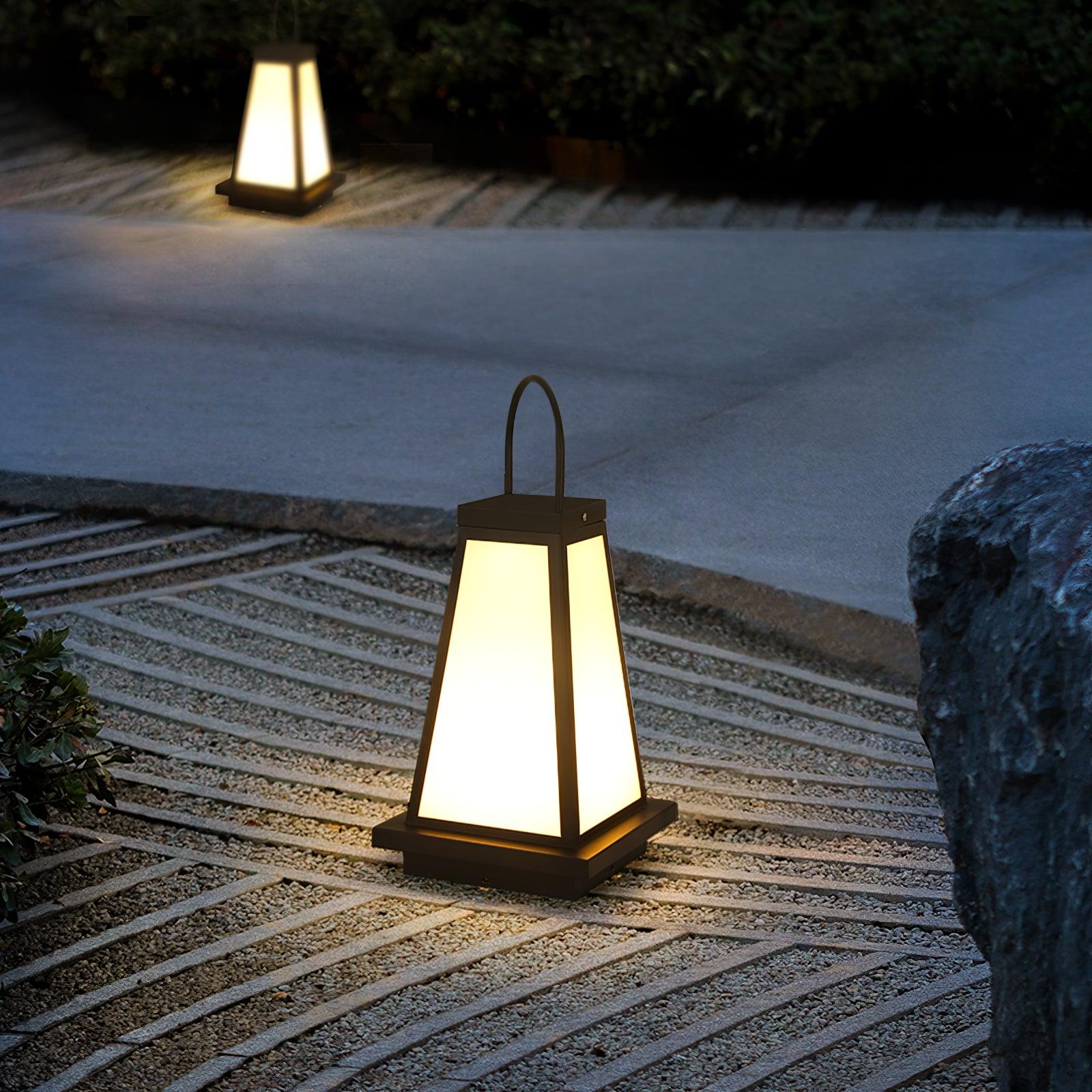 Roam Lantern Solar Outdoor Lamp - Lumpaz
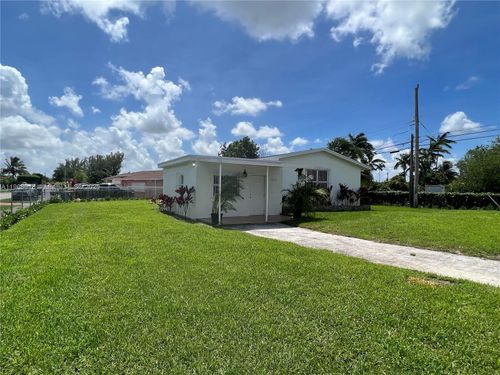 na-1600 Sw 71st Ct, Miami, FL, 33155-1674 | Card Image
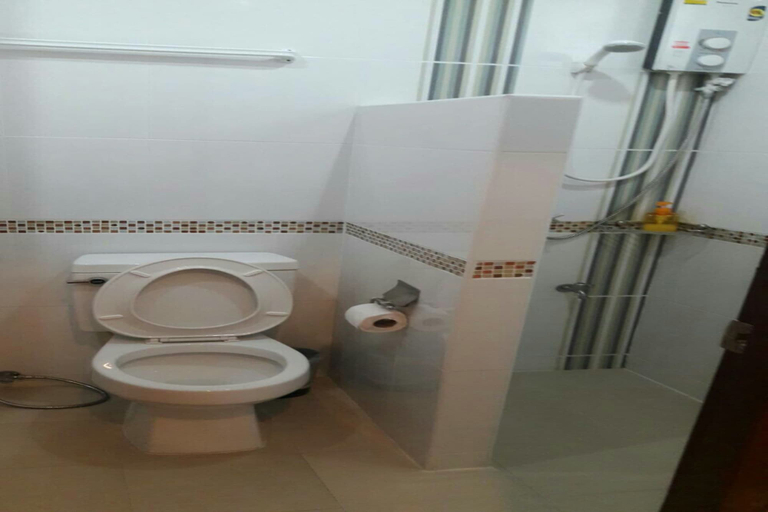 Bathroom 5, V Place Residence, Muang Songkhla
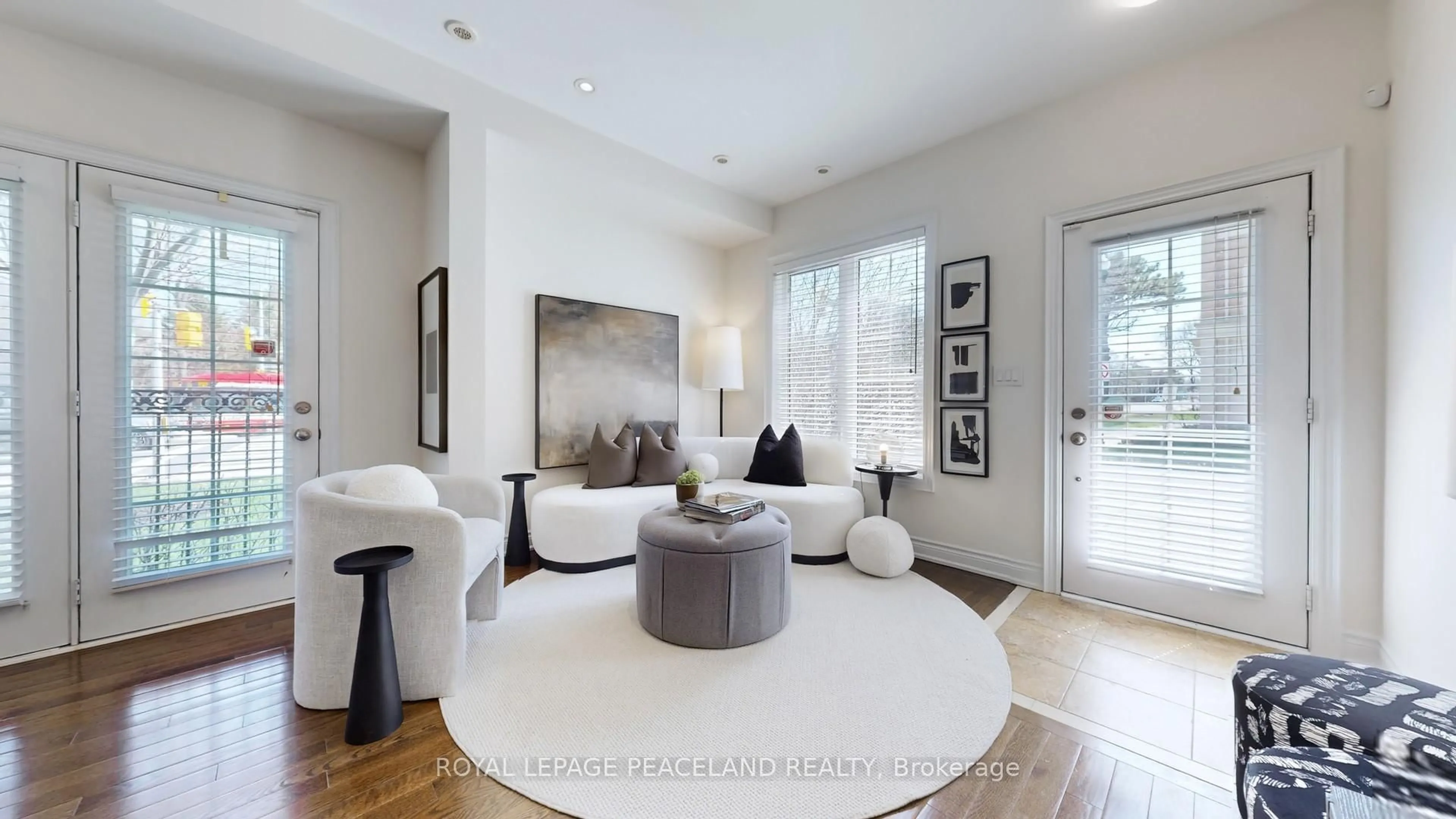 Living room with furniture, unknown for 82 Hargrave Lane, Toronto Ontario M4N 0A4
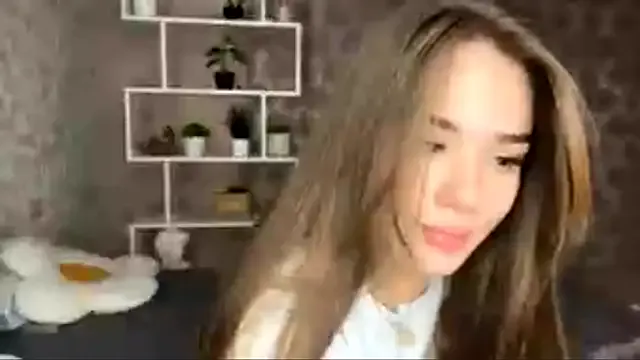 Nonchan_ – webcam model profile photo Image 11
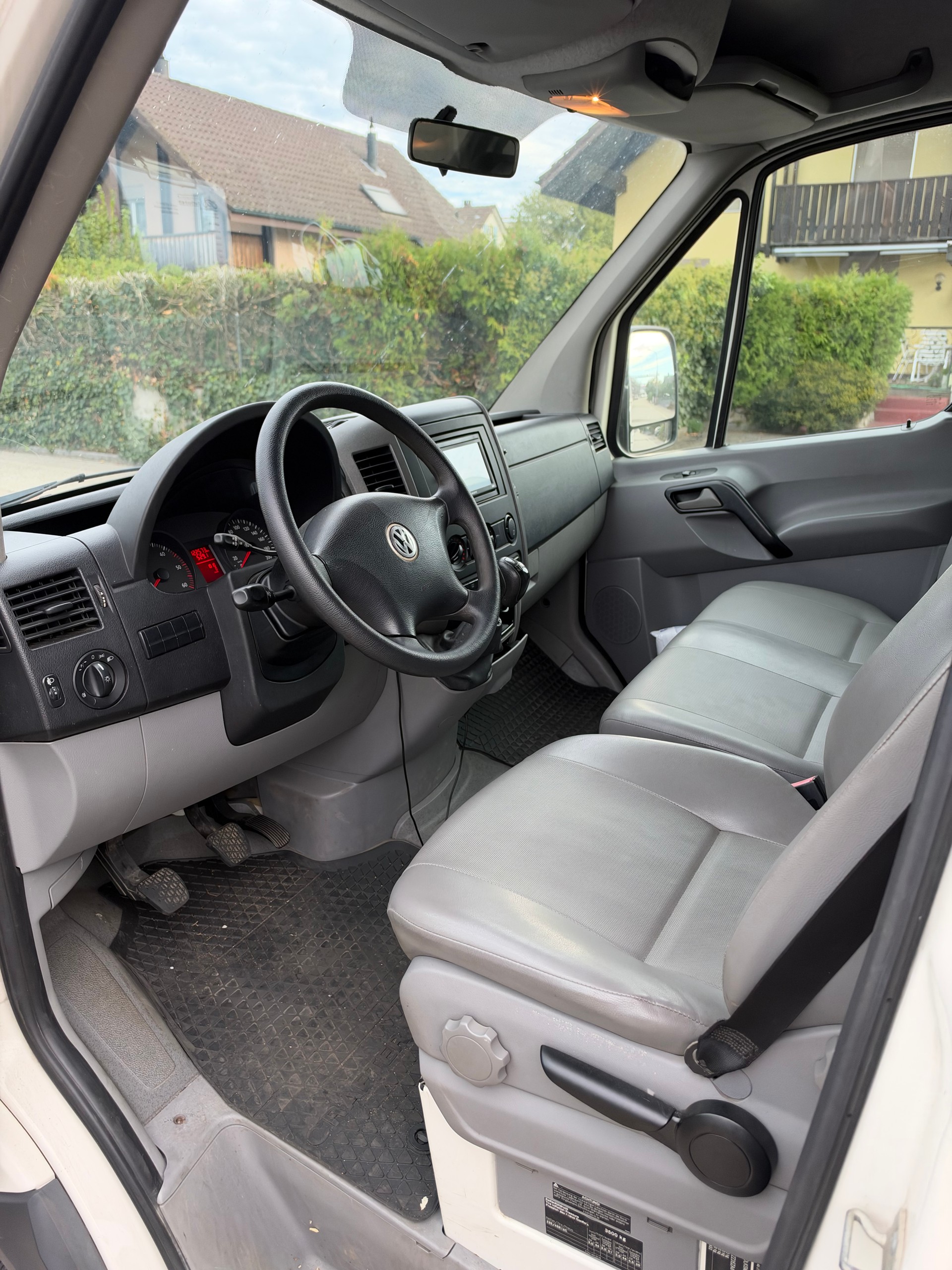 VW Crafter 35 2.5 BlueTDI 136 PS-image-8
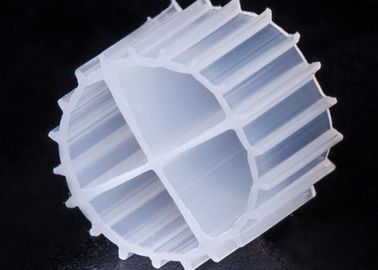 สีขาว MBBR Media Biofilm Carrier ด้วย Super Decarburization และวัสดุ HDPE เพศหญิง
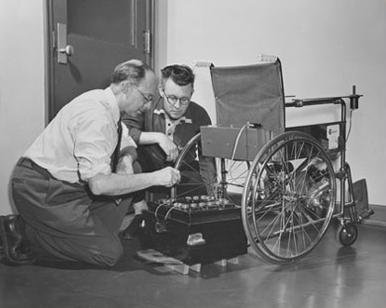 İlk ileri itişli tekerlekli sandalye 1950 yılında George Klein tarafından tasarlanmıştır.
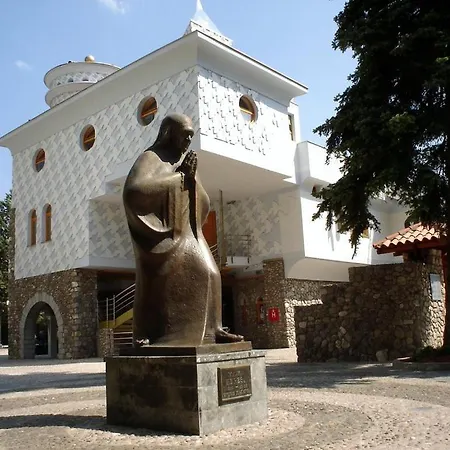 Hris I Wifi-netflix فيلة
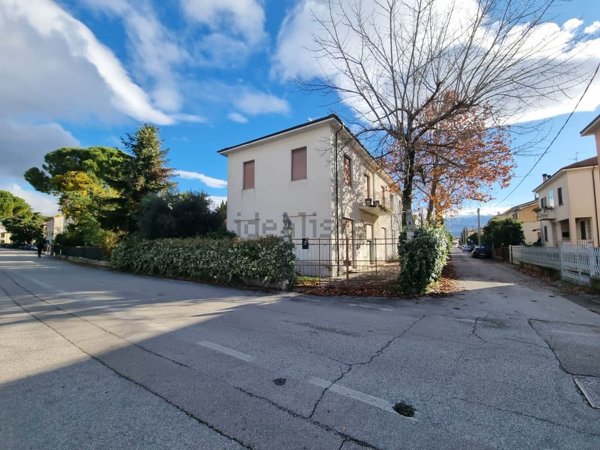 casa indipendente in vendita a Foligno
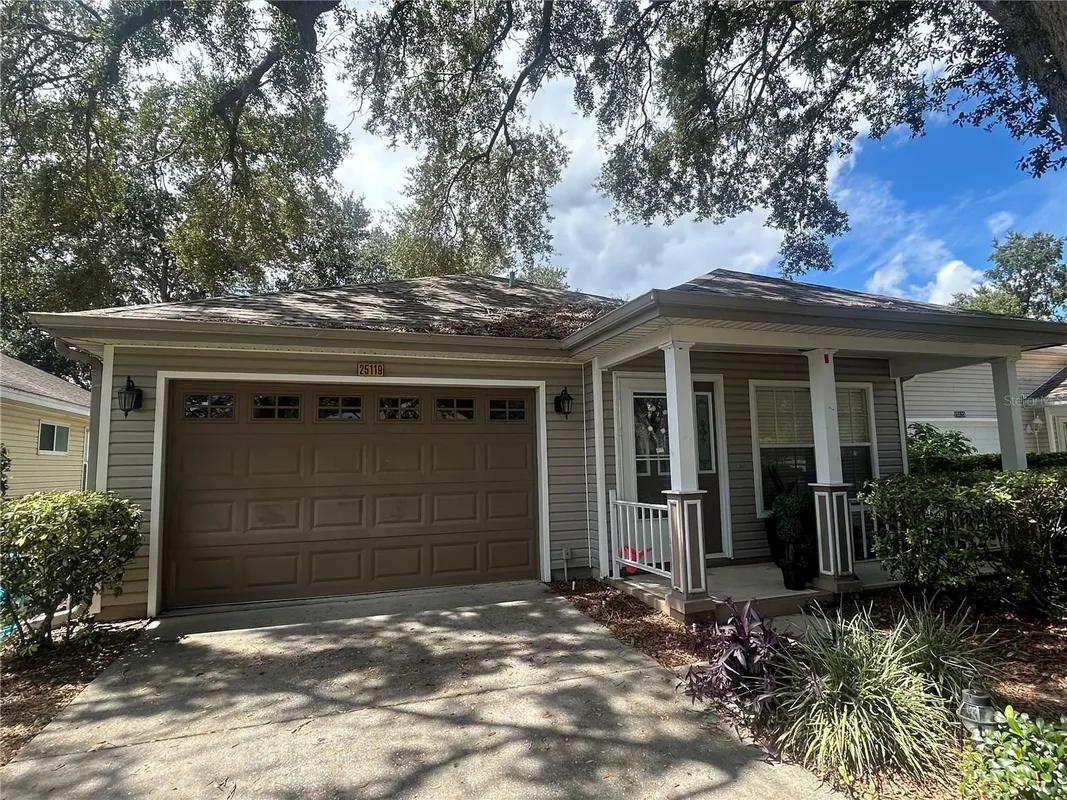 Property Slideshow image 1 of 28 | 25119 cranes roost cir, Leesburg, FL, 34748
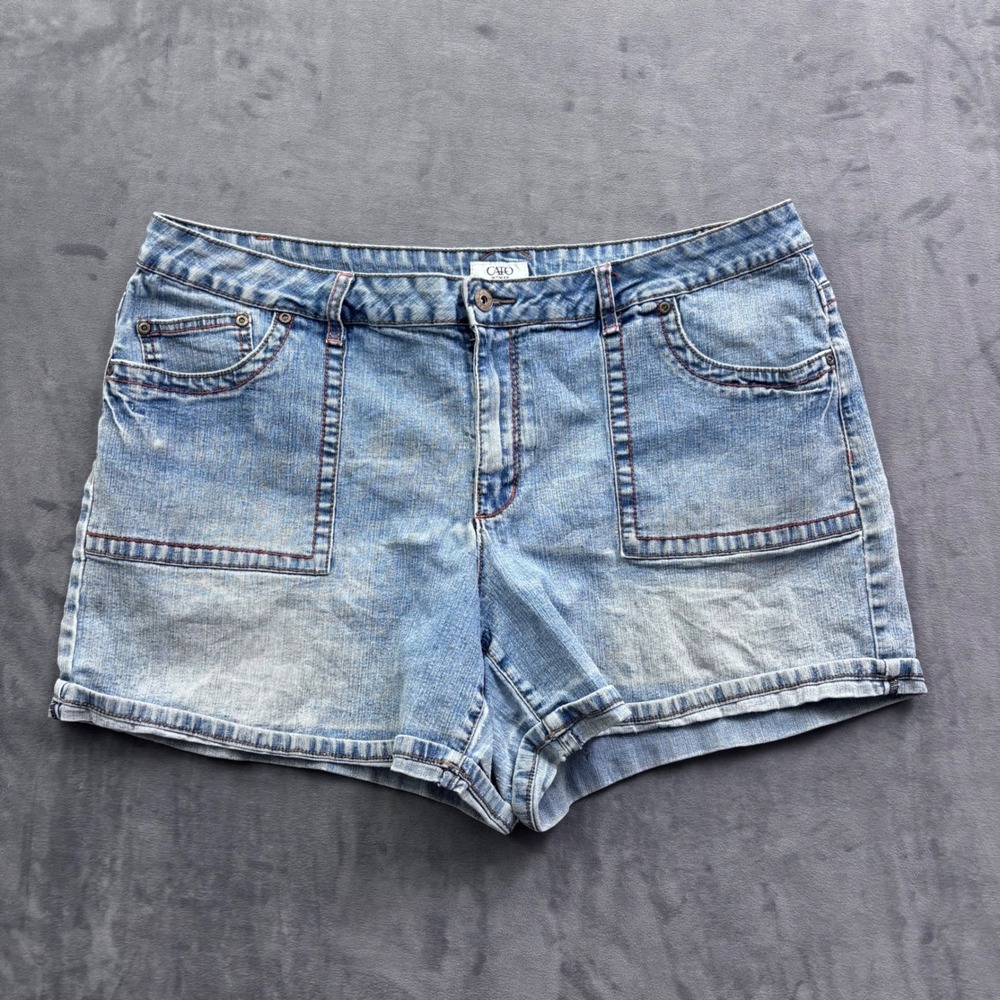 Cato Woman Plus Size 22W Denim Shorts Light Wash Contrast Stitch Patch Pockets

====

— Aim of the exercise —
A verbatim transcription of the records, pictures excluded, is the required output.

— Solution for this exercise —
 Roam Lantern Solar Outdoor Lamp - Lumpaz
 na-1600 Sw 71st Ct, Miami, FL, 33155-1674 | Card Image
 Bathroom 5, V Place Residence, Muang Songkhla
 Living room with furniture, unknown for 82 Hargrave Lane, Toronto Ontario M4N 0A4
 Nonchan_ – webcam model profile photo Image 11
 VW Crafter 35 2.5 BlueTDI 136 PS-image-8
 สีขาว MBBR Media Biofilm Carrier ด้วย Super Decarburization และวัสดุ HDPE เพศหญิง
 İlk ileri itişli tekerlekli sandalye 1950 yılında George Klein tarafından tasarlanmıştır.
 Hris I Wifi-netflix فيلة
 casa indipendente in vendita a Foligno
 Property Slideshow image 1 of 28 | 25119 cranes roost cir, Leesburg, FL, 34748
 Cato Woman Plus Size 22W Denim Shorts Light Wash Contrast Stitch Patch Pockets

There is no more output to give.